Now the load goes where the stiffness is, so a beam sized to carry the load with a rather thin wing skin should still carry a large fraction of the bending, but the torsion is largely carried by the skins. And the skins are also seeing significant stresses. Our standard airplane design textbooks talk about crippling stresses when thin elements are under compression and have ways of calculating if those then elements will buckle.

I suggest that you do some research and then some calculations on your skins. Calculate the total stress state in the skins at a couple places and see if the crippling predictors say you skins should be buckling at this load, and is crippling is likely at full load. If yes, please do not get tempted to increase load and see what happens. If the calcs say you need more stiffness in the skins to get to full load, you might as well know it and get on it now, then resume test.

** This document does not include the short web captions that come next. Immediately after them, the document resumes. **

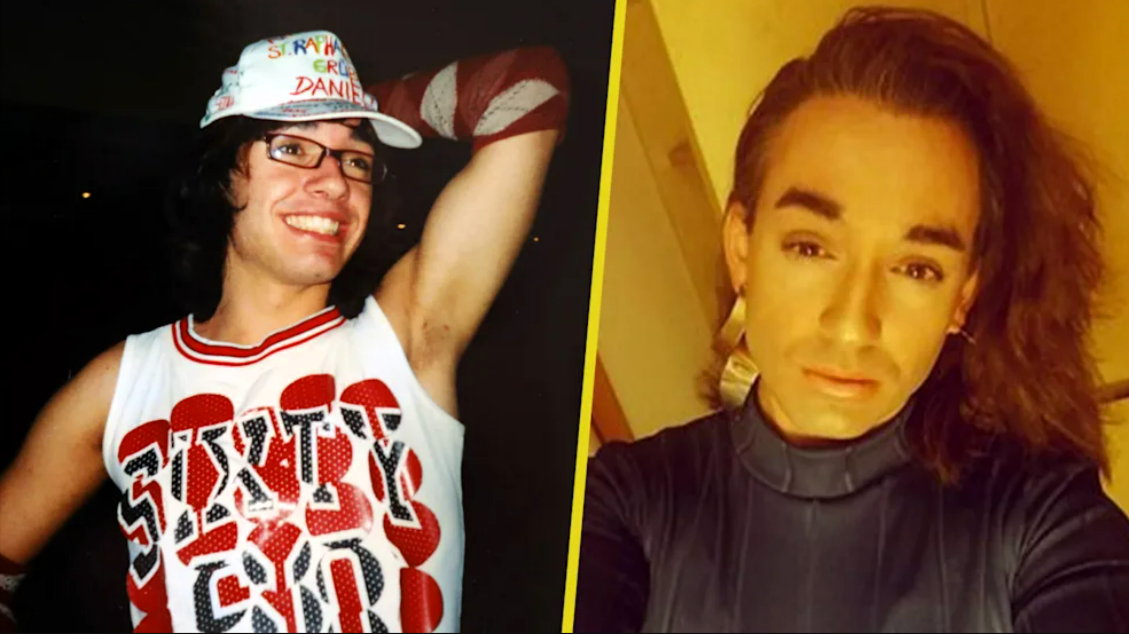 Rätselraten um Daniel Küblböck! 6 Jahre nach dem Sprung: Was geschah mit Daniel??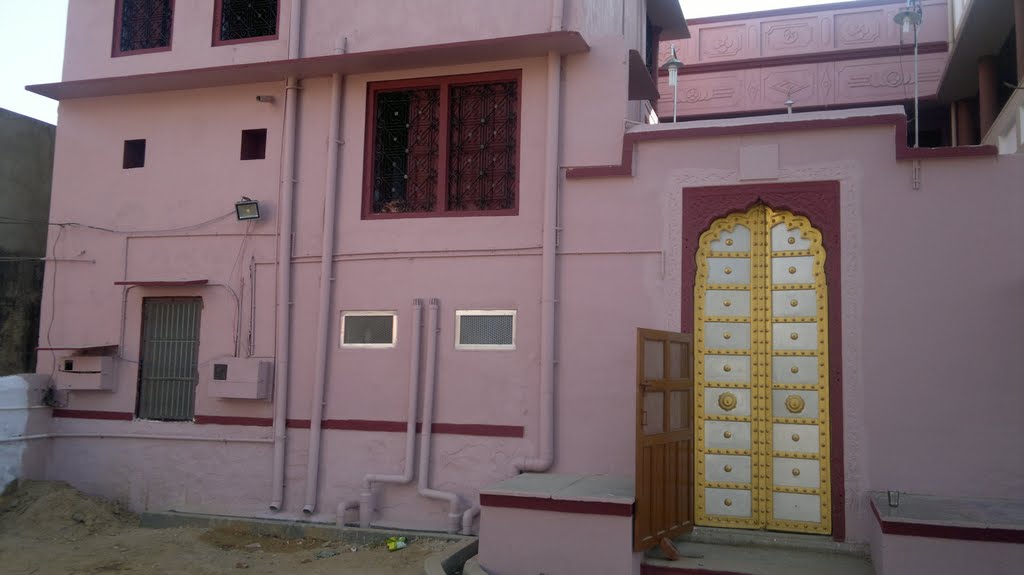 mehtab manzil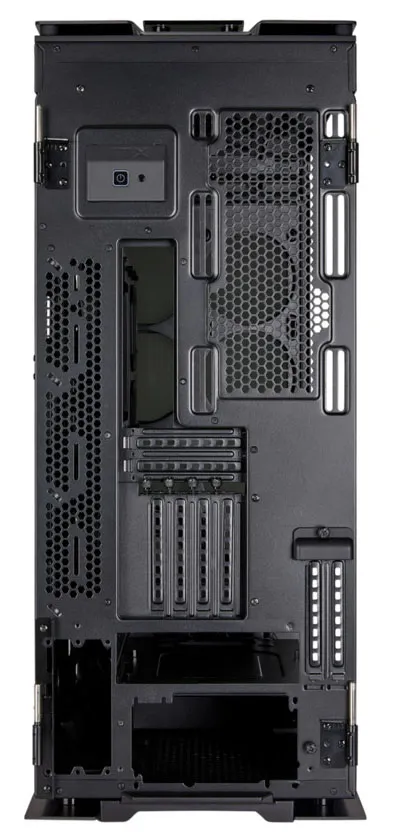 Корпус для ПК Corsair Obsidian Series 1000D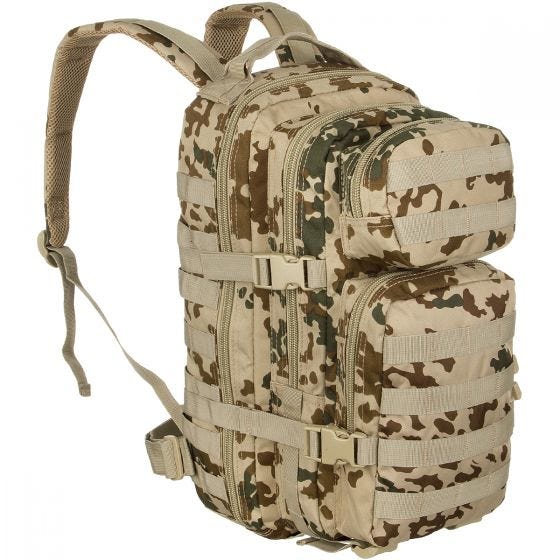 Mil-Tec US Assault Pack Small Tropical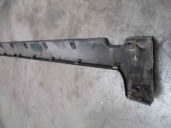 Recambio de faldon lateral para kia carnival 2.9 crdi cat referencia OEM IAM 87634D200  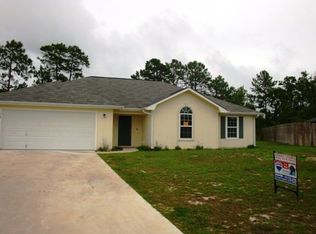 603 Lawnwood Ave, Kingsland, GA 31548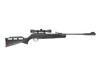 Umarex - Wiatrówka Ruger Targis Hunter - 4,5 мм - 2.4306 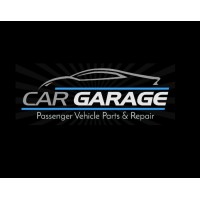 The Car Garage logo - Similar company to Z Car Garage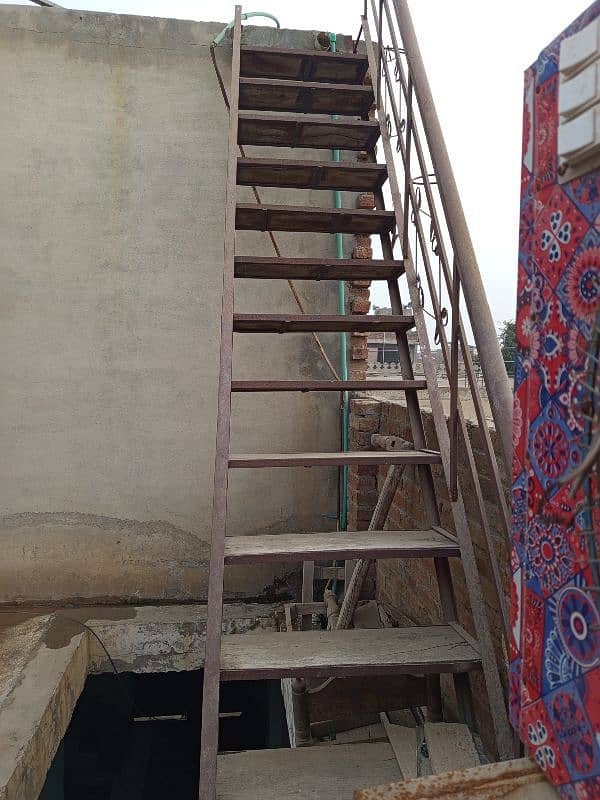 Stairs iron for Sale 0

If you do the crippling checks and every thing checks out OK, but you are getting these wrinkles anyway, you might be OK. Just know that the wrinkled skin is now carrying a smaller fraction of the wing bending that it was, putting more strain and thus stress on the other parts that are still in shape. So, if your design passes the crippling check, I would look into how high the crippling stresses are in the various bays of the wing. Then think about stiffening all of the panels that calculate out as having stresses at similar fractions of the crippling strength before you put any more load on your test article.